Over the last year, Web 2.0 became cloudy. Yes, once upon a time, Sergey and Larry defined their vision for Google as an effort “to organize the world’s information and to make it universally accessible.” As a result of this ambitious goal, “cloud computing” as the web savants call it, has become all the rage. Move over Doppler 5000. Today, “cloud computing” has become an integral part of the interwebs’ inexorable movement into sunny weather.
For those of you who are unfamiliar with clouds of the Internet variety, I can tell you that cloud computing is a constructive metaphor for an upgraded (or improved) version of utility computing. And utility computing is the combination of computing resources, such as computation and storage, offered as a metered service, similar to the way we get power and water from a public utility. I've found that the "cloud" metaphor is used and defined broadly on the Internet, but in this case, let's stick to describing it as an updated iteration of utility computing.
In this sense, clouds are basically virtual servers spread across the Internet that extend the existing capacity and capability of a business’s tech resources. For example, think about what an IT service might need to help a business run more efficiently: improved capability to add more storage space and speed on the fly—without adding more hardware, infrastructure, or personnel...
Sounds like a good recipe for success, right? It's probably the reason that so many cloud-peddlers have popped up all over the Internet in the last year, large and small, offering increased storage, spam-filtering, and applications—in an apparent effort to level the playing field and open up the transaction of information. Just like old Sergey and Larry wanted it.
About six months ago, Business Week suggested that, “for clouds to reach their potential, they should be nearly as easy to program and navigate as the web.” Sounds like something out of a preachy meteorology textbook, if there is such a thing. But truly, this statement was intended, I think, to refer to the giant clouds (like the cumulonimbus that is Google), who had not yet succeeded in offering smooth, easy access to the colossal reservoirs of information piling up on their servers. As we’ve moved forward, many companies have begun setting up in the “clouds” to mine through the accumulated data in sites like Amazon and Google. Think what smooth navigation of this information could do—in positive ways, and negative.
But with a small company like Syncplicity (that's a helluva portmanteau, eh?), we see this happening on a much smaller level, and, again, it bodes well for the leveling of the informational playing field—or stratosphere, if you want to extend the metaphor. Which you do.
Syncplicity is a company dedicated to the graceful integration and synchronization of a person or company’s database. Said another way, they are a company endeavoring to liberate people from worrying about where and how they store their important personal data. They want to speed up your computer, take away that unwieldy data and store it neatly for you… “But, where?” you ask.
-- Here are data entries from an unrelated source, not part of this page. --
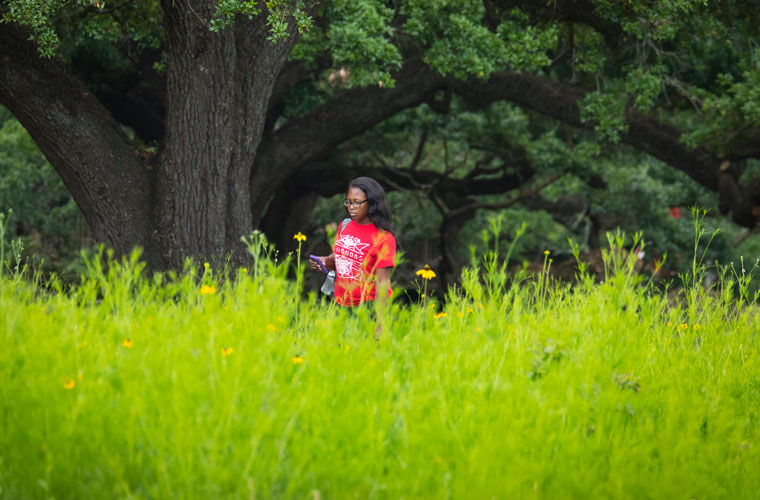 A student walking by the University of Louisiana at 69ý's sustainable wildflower prairie in the middle of campus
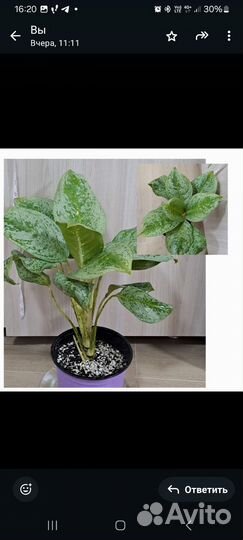 Аглаонема лимон минт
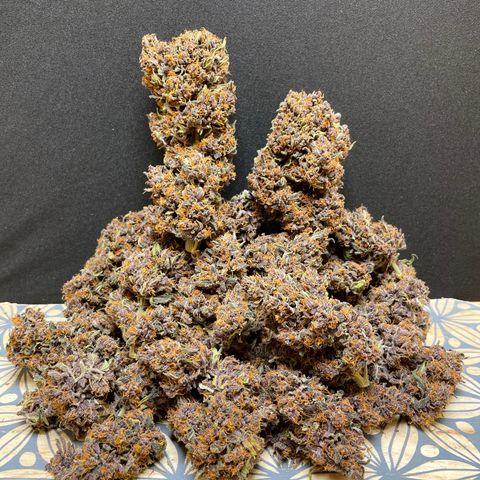 Purple Punch 🥊 2 - #1 - 42 Fast Buds growlog timeline photo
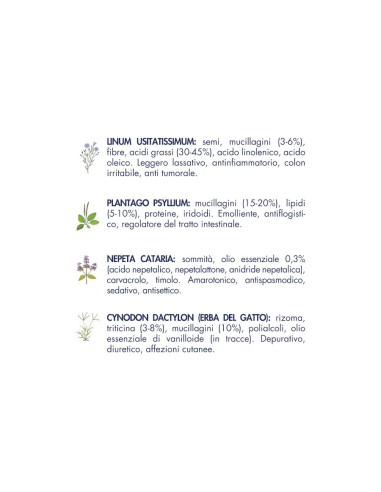 Vet Line Salute Sensi Maiale Grain Free gr.400.Cibo Secco Per Gatti.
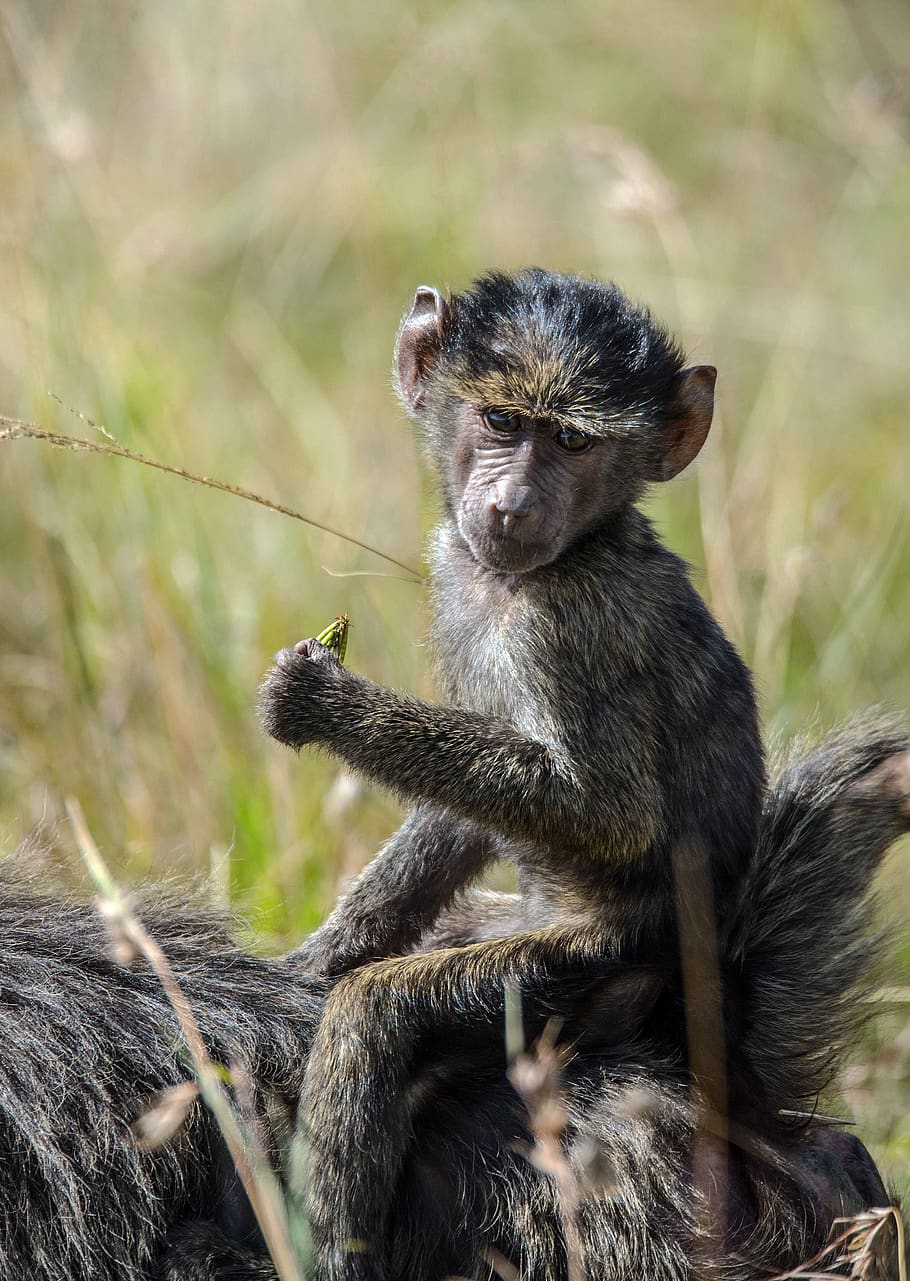 gray monkey, kenya, wildlife, animal, masai mara national reserve HD wallpaper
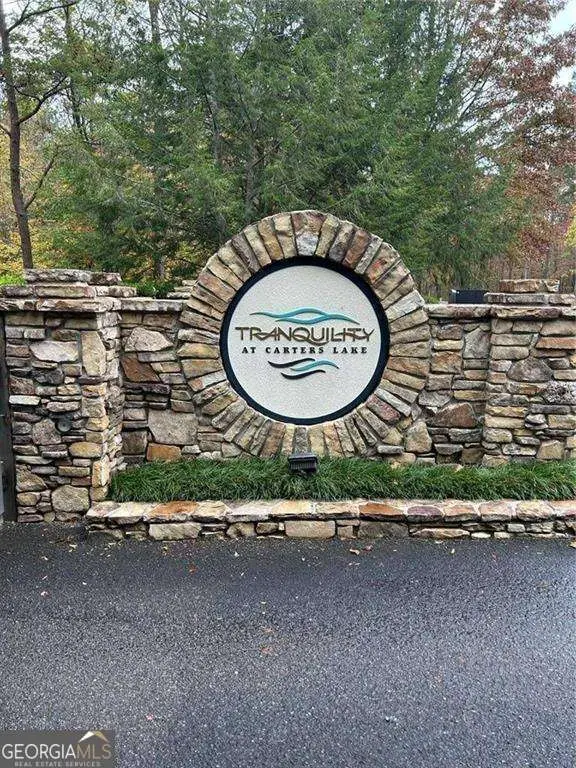0 Doll Mountain Road #LOT 98, Ellijay, GA 30540 - #1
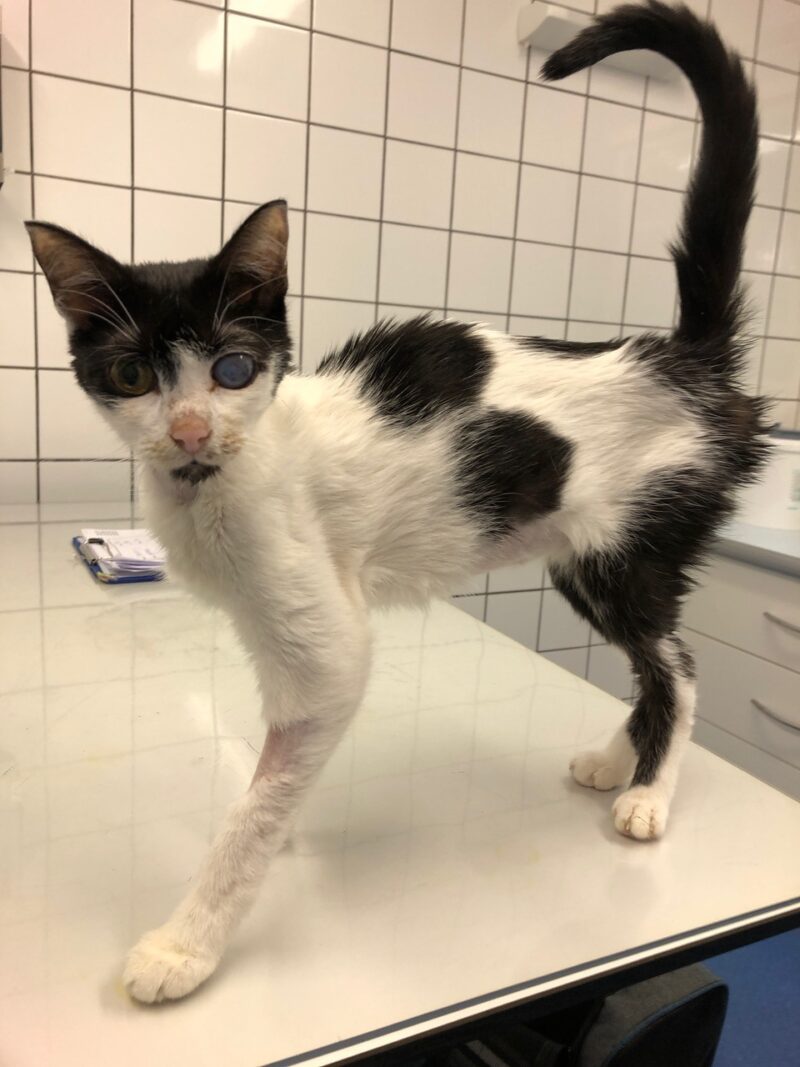 01 Katze Luminita erkrankt LMU Munchen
Why, in the clouds of course.
Syncplicity offers a program that automatically stores, backs-up, and links your documents, photos, music and video files between each of your or your company’s computers. It has a cloud-share of its own. And you can access this cloud-program online or offline, which, to my understanding, gives Web applications equal footing on the desktop.
I think Syncplicity is such a germane topic now, because the company recently launched a new iPhone application—just in time for the release of the new iPhone 3G. The beauty of their new application is that iPhone and iPod users can now access data from anywhere. Thanks again to the clouds. iPhone users with less capacity – smaller GB – can have access to photos and TV shows through Syncplicity’s optimization program. Signing up for, and downloading, Syncplicity is really easy, and the best part is that you no longer have to worry about deleting or overwriting files, as Syncplicity keeps track of deleted files, previous versions, so you can always have them. You can access them from any computer, at any time, even if your computer is not connected to the Internet. You can share any file or folder you like, even with people who don’t have the program. Pretty cool.
So the question then becomes: for Apple, is this a good thing or a bad thing? With the ability to store your data in the clouds, there’s really no need for the increased storage space of the 3G, right?
Put your head in the clouds and think about it.